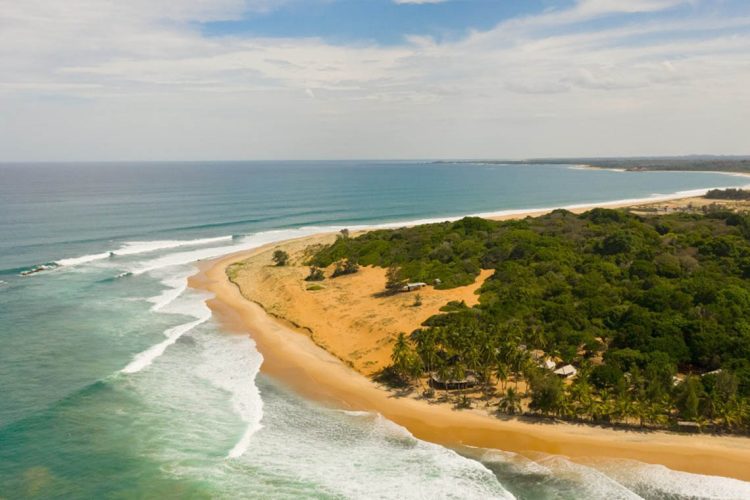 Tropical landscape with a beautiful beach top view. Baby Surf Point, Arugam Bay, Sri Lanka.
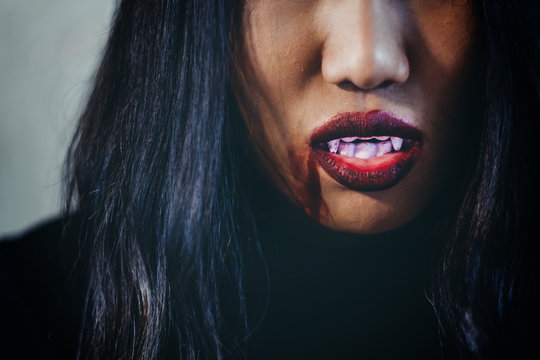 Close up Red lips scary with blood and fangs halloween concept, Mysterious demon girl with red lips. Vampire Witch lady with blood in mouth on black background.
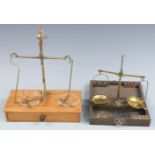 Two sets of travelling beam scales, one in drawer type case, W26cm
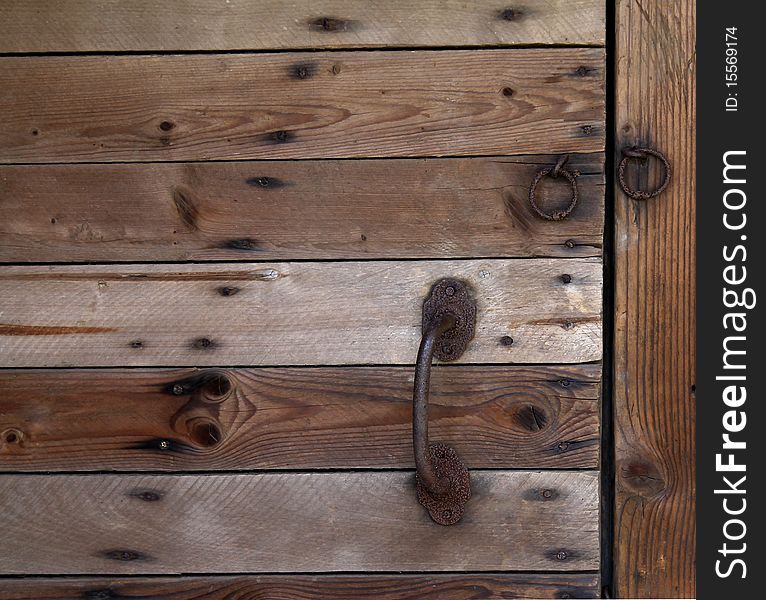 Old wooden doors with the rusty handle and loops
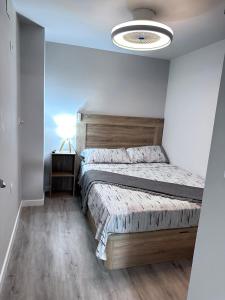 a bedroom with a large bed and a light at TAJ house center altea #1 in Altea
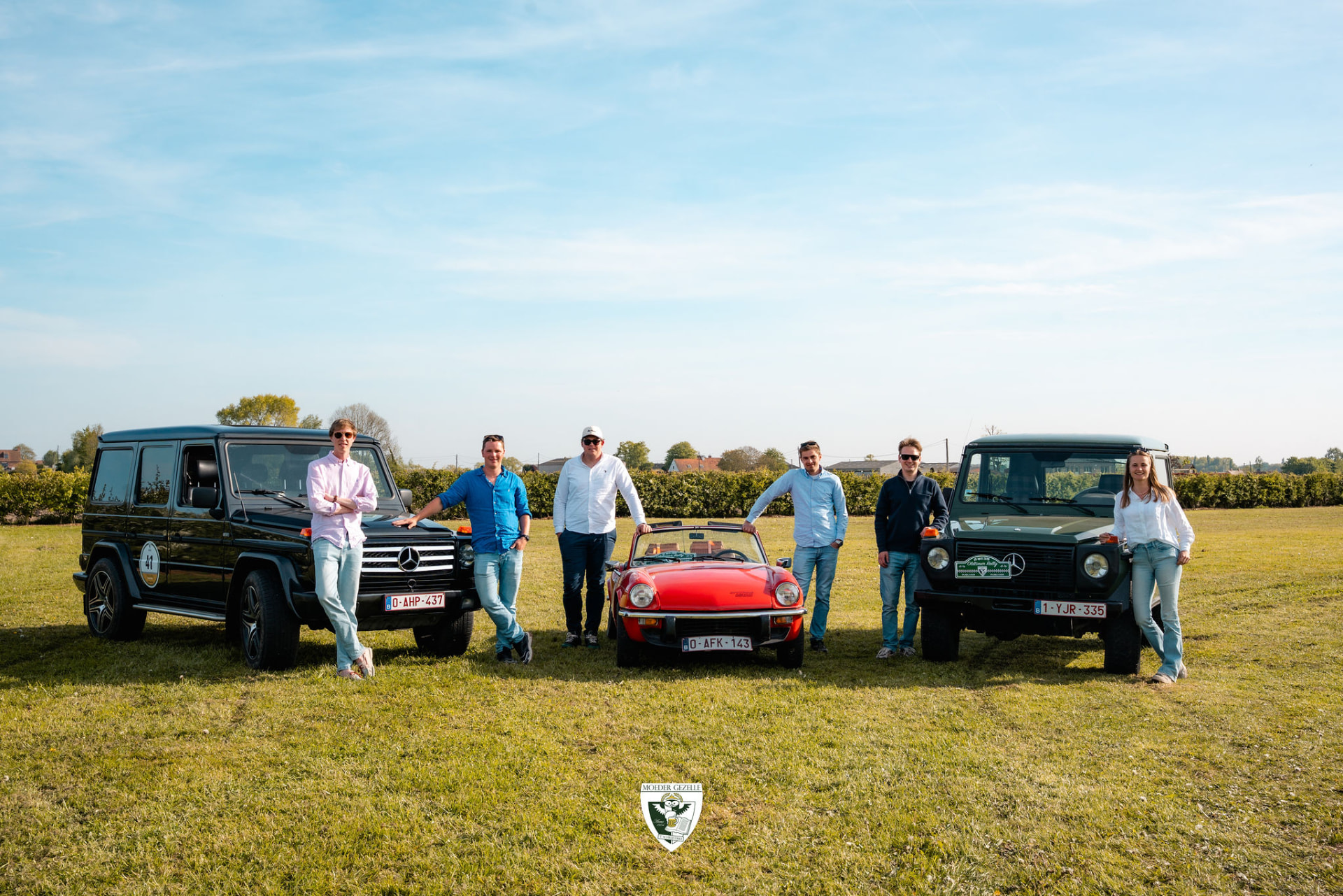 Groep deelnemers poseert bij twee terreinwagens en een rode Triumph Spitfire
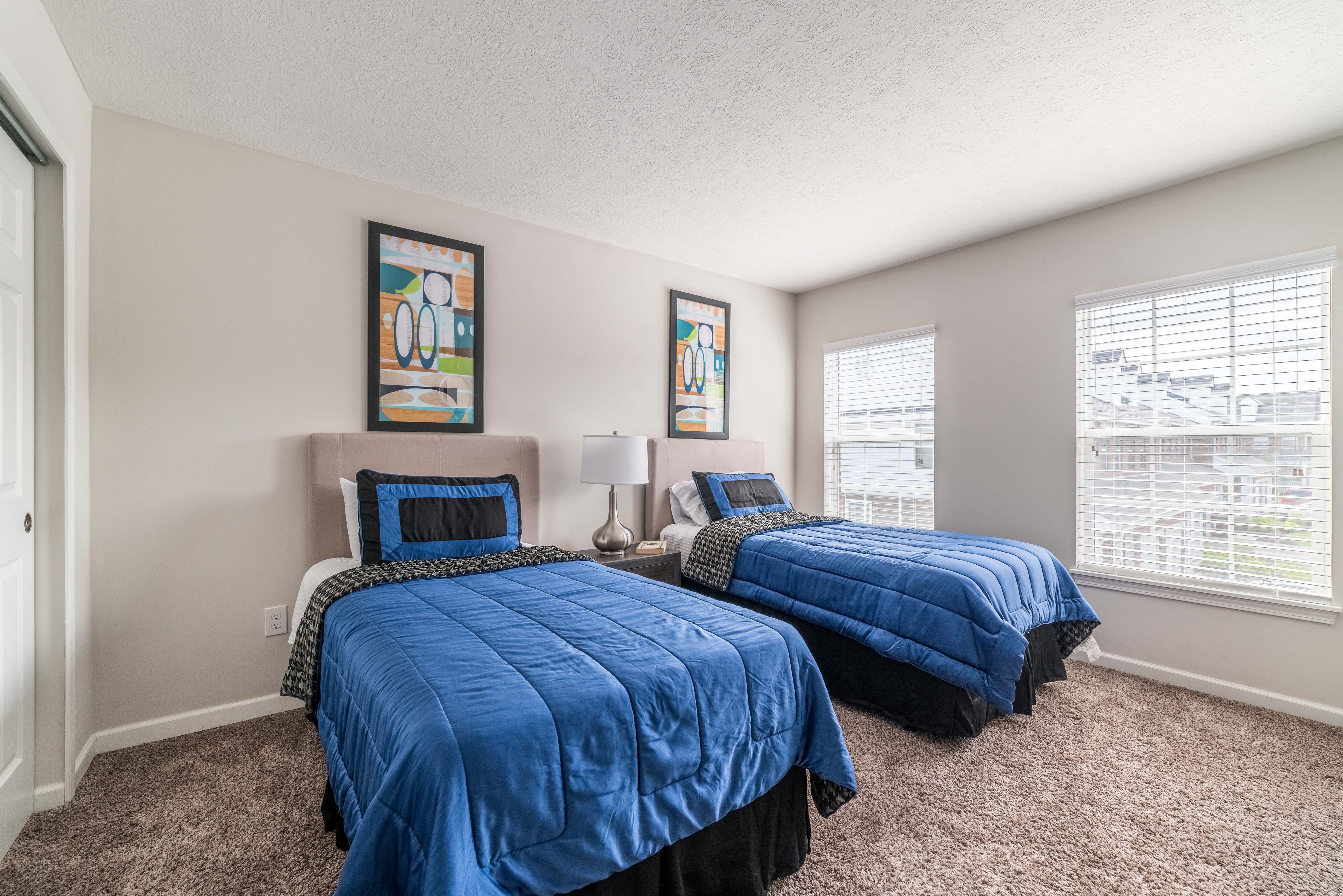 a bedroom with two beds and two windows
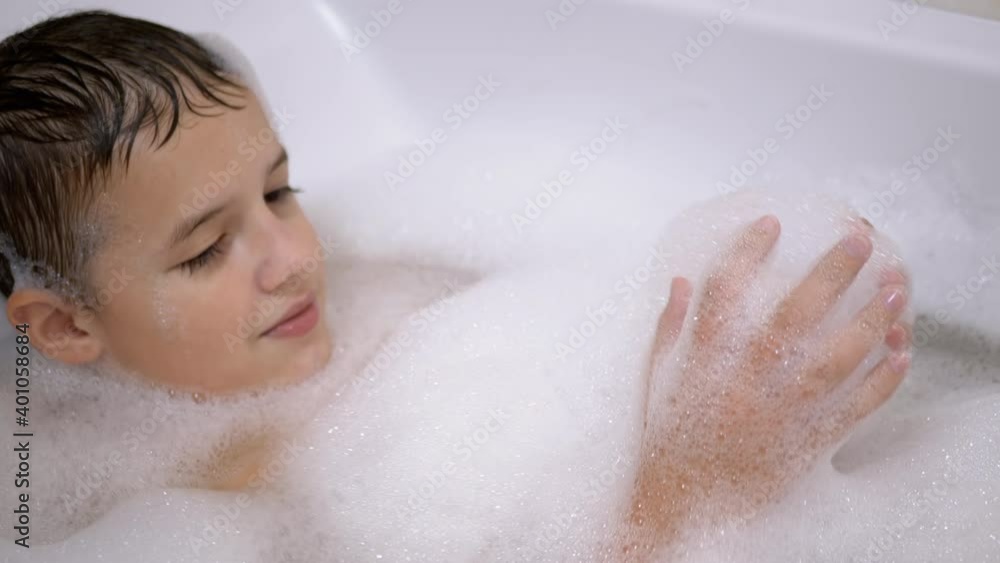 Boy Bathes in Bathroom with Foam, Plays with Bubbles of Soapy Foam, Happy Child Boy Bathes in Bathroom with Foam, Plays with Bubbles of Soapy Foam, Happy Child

§ **Work instructions**: Leave the pictures out and retype only the lines from the line with "a bedroom with a" through the final line of the material, both ends included, word for word.

§ **Completed exercise**:
 a bedroom with a large bed and a light at TAJ house center altea #1 in Altea
 Groep deelnemers poseert bij twee terreinwagens en een rode Triumph Spitfire
 a bedroom with two beds and two windows
 Boy Bathes in Bathroom with Foam, Plays with Bubbles of Soapy Foam, Happy Child Boy Bathes in Bathroom with Foam, Plays with Bubbles of Soapy Foam, Happy Child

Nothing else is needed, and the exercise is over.